The length of time the deal is taking to close may have something to do with the fact that the State Development Planning Commission (SDPC) is not going to provide any sort of support letter for the project, which it did in the case of the Laibin power deal in 1997, as well as the novel limited recourse renminbi tranche. Parties involved do stress, however, that the project has appropriate state sanction, both at the provincial (Hubei Province) and central government level.

?The project will in fact have all sorts of comfort at the provincial level,? says the Hong Kong source. The exact details aren't, however, being revealed, partly because the state support mechanisms are still under discussion.

China watchers say the rise of the WFOE concept in China is testament to China's gradual liberalization of infrastructure procedures, the obvious need for more foreign investment and the fact that foreign sponsors have been loath to enter into partnership agreements with Chinese counterparts.
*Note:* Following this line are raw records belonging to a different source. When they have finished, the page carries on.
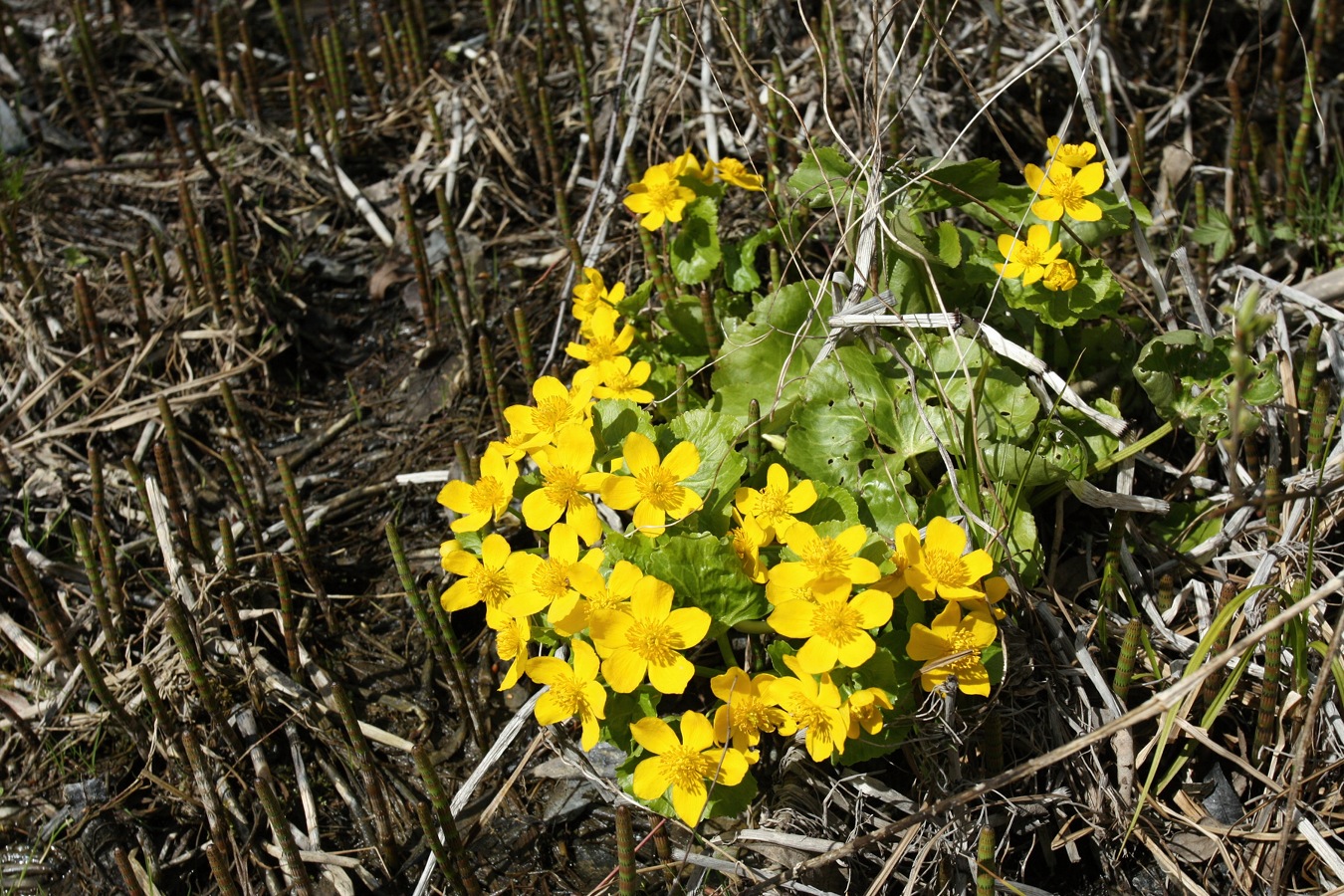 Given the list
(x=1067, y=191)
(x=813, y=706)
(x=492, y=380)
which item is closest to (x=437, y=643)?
(x=492, y=380)

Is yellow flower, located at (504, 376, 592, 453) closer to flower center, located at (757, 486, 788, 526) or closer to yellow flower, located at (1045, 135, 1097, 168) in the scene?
flower center, located at (757, 486, 788, 526)

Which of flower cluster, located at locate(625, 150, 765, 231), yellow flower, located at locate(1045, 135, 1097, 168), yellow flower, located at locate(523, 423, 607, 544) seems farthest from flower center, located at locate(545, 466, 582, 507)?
yellow flower, located at locate(1045, 135, 1097, 168)

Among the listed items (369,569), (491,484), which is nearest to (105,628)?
(369,569)

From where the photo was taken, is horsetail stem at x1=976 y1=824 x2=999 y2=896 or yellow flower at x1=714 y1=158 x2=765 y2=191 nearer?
horsetail stem at x1=976 y1=824 x2=999 y2=896

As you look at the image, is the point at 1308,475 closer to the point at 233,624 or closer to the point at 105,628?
the point at 233,624

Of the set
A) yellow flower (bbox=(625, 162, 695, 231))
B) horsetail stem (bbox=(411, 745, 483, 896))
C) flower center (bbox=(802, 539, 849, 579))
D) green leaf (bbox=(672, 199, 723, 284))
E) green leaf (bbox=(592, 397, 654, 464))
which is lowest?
horsetail stem (bbox=(411, 745, 483, 896))

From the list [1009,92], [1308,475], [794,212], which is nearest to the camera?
[1308,475]

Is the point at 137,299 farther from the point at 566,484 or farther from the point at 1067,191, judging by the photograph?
the point at 1067,191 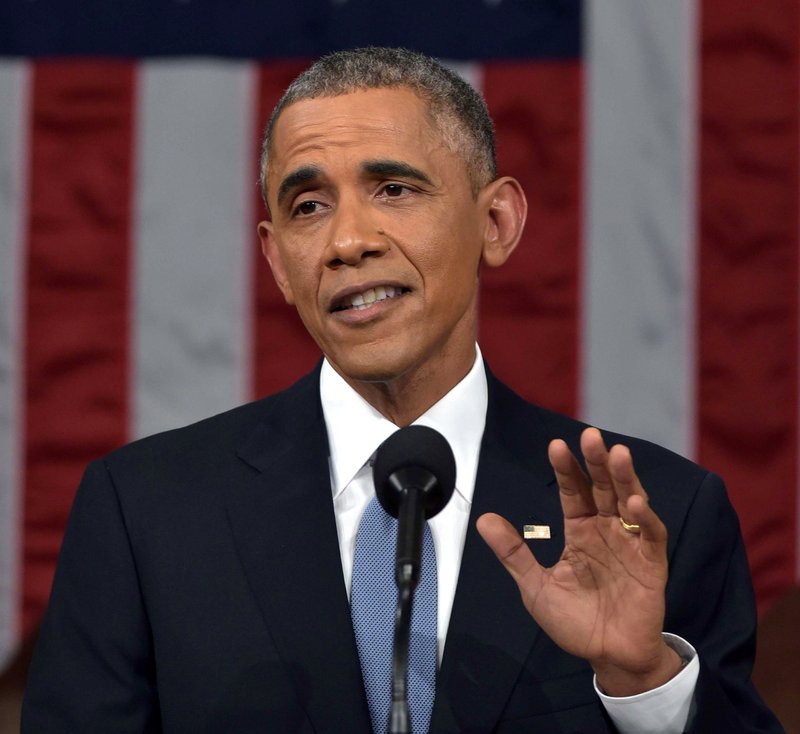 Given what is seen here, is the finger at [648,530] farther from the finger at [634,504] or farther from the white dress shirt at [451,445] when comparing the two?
the white dress shirt at [451,445]

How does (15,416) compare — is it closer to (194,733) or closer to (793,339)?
(194,733)

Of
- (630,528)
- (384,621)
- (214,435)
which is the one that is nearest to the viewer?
(630,528)

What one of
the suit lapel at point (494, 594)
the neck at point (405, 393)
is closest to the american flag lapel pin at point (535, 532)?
the suit lapel at point (494, 594)

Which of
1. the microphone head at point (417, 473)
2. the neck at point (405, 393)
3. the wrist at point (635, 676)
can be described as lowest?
the wrist at point (635, 676)

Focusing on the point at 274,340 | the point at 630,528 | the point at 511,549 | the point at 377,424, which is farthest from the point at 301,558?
the point at 274,340

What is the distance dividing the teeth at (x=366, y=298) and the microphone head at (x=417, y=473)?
0.38 m

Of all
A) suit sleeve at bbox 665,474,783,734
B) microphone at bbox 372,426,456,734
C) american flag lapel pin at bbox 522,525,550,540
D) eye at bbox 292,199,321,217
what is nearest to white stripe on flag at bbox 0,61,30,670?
eye at bbox 292,199,321,217

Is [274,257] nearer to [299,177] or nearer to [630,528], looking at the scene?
[299,177]

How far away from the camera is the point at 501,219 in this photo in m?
1.82

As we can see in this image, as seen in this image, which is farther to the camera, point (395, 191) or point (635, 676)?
point (395, 191)

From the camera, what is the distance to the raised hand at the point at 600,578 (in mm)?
1310

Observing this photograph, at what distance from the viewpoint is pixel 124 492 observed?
5.42 ft

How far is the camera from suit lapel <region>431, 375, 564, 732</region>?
4.84 feet

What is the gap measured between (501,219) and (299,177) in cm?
32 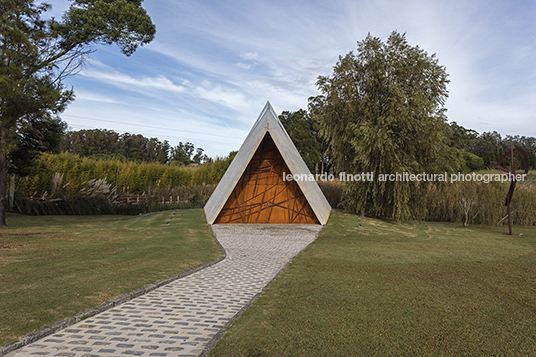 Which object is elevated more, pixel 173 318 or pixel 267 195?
pixel 267 195

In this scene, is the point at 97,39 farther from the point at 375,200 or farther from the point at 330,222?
the point at 375,200

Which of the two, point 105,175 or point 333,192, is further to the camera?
point 333,192

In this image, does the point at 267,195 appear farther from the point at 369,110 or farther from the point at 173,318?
the point at 173,318

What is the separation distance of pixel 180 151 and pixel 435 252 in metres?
55.8

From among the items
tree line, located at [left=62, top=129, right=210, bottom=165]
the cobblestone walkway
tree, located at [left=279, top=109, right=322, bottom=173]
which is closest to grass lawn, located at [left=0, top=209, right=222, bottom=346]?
the cobblestone walkway

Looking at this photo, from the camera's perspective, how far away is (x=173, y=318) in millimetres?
3615

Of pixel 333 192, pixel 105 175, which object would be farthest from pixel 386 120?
pixel 105 175

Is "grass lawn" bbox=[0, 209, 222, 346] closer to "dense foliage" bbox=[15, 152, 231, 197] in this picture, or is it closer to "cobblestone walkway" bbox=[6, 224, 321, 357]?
"cobblestone walkway" bbox=[6, 224, 321, 357]

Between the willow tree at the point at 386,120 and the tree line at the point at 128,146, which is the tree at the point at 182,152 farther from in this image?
the willow tree at the point at 386,120

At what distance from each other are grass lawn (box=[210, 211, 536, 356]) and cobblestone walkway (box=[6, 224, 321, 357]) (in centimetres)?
29

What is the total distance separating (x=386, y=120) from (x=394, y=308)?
10319 mm

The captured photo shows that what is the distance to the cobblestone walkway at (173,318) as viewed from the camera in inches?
113

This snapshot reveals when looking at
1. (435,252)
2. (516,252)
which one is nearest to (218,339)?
(435,252)

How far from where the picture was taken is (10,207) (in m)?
13.8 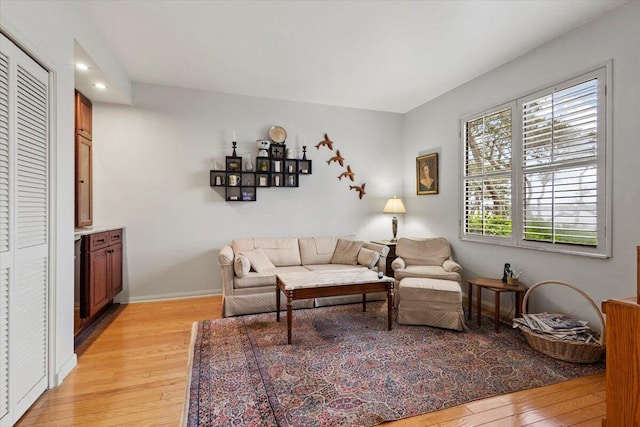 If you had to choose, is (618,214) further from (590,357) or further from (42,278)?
(42,278)

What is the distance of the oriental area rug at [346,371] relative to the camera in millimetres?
1803

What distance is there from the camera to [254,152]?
442 centimetres

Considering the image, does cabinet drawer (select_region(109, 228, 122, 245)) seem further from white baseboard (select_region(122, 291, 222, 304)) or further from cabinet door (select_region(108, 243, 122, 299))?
white baseboard (select_region(122, 291, 222, 304))

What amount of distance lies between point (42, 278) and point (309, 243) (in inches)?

China has seen three major WFOE forerunners prior to PuQi; the Chengdu water deal last year, the Meizhouwan power project in 1998 and Laibin B Power Station in 1997.

For the record, the PuQi power plant will dispatch to Hubei Electric Power Bureau, under a power purchase agreement that is said to be almost as long as the length of the BOT concession. ANZ is acting as documentation bank, KBC as technical bank and Barclays will act as syndication bank. Linklaters & Alliance is acting for the banks for the project financing, while Latham & Watkins is legal counsel to the sponsors. Deutsche Morgan Grenfell, Citibank and Chadbourne & Parke were advisers to the sponsors. EPC contractors are Hubei Provincial Power Construction Bureau and Shanghai Advanced Power Projects.

The deal is expected to be syndicated sometime over the next six months.